In 1921, Mufti Muhammad Sadiq, a representative of the Ahmadiyya Movement and the first Muslim missionary to America, launched the The Moslem Sunrise, a newspaper intended to help proselytize Americans. In its October 6, 1922 issue, Sudiq included a short excerpt from another paper on “Mormon Christians.” Here it is in its entirety:
“Attempts are made every year by Mormon agents to lure hundreds of British girls to life of polygamy. From house to house in town and village they go, seeking to make converts of religiously-disposed young women and to persuade them to emigrate to Utah, where polygamy is taught and practiced.
This fact is denied. But the Mormon ‘apostles’ are as zealous today as they were in 1837, when the first party landed in this country and introduced 2,000 British subjects to go back with them to America. Heber J. Grant, the present president of the Mormon church, had three wives. ‘I won my first,’ he says, ‘and then took a second and third, and loved them with equal devotion. It is true that occasional jealousies occur, but that happens in all families.’ President Grant succeeded in 1918 Joseph Smith, the sixth president, who had five wives and forty-two children, and died at the age of eighty.” Apostolic Review–May 22.
There’s nothing particularly noteworthy about the content. Accusations of polygamy’s persistence continued to be leveled against Latter-day Saints for decades after its abandonment as an official practice of the church.
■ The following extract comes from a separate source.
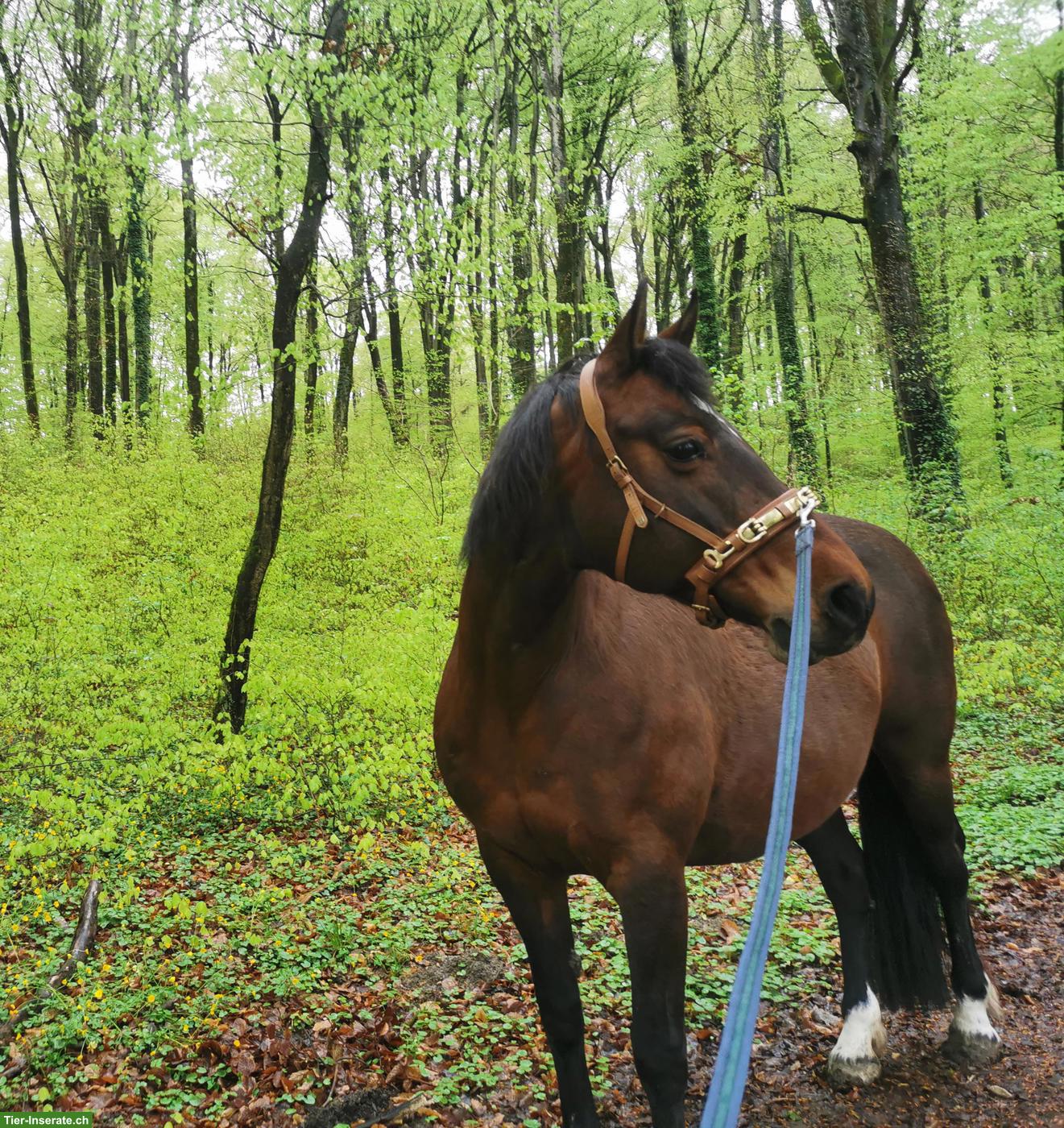Reitbeteiligung auf Freiberger Stute in Frankreich, Grenze zu Basel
But such accusations take on new meanings when (re)published by an Indian-born Muslim migrant to the United States. Much of The Moslem Sunrise‘s early issues were devoted to dispelling myths about Islam and its adherents, including (predictably) its attachment to polygamy. In the paper’s very first issue, Sadiq penned a lengthy editorial on the subject. Under the heading, NO POLYGAMY, he assured readers that “I have not come here to teach plurality of wives.” Acknowledging that polygamy was practiced by Muslims elsewhere in the world, Sadiq distinguished between Islam’s “commandments” (those teachings which must always be followed) and “permissions” (those that “can be avoided” if they conflict with local custom or law). Just as Muslims in India “keep away from eating beef,” Muslim men in the United States were prohibited from marrying multiple women. “If a Moslem will ever preach or practice polygamy in the America,” Sadiq forcefully concluded, “he will be committing a sin against his religion.”
Just as some African American Protestants joined their white coreligionists in condemning Mormon polygamy in an attempt to fully integrate in white-run denominations, Mufti Muhammad Sadiq found in Mormonism a convenient contrast to his and other American Muslims’ commitment to American laws.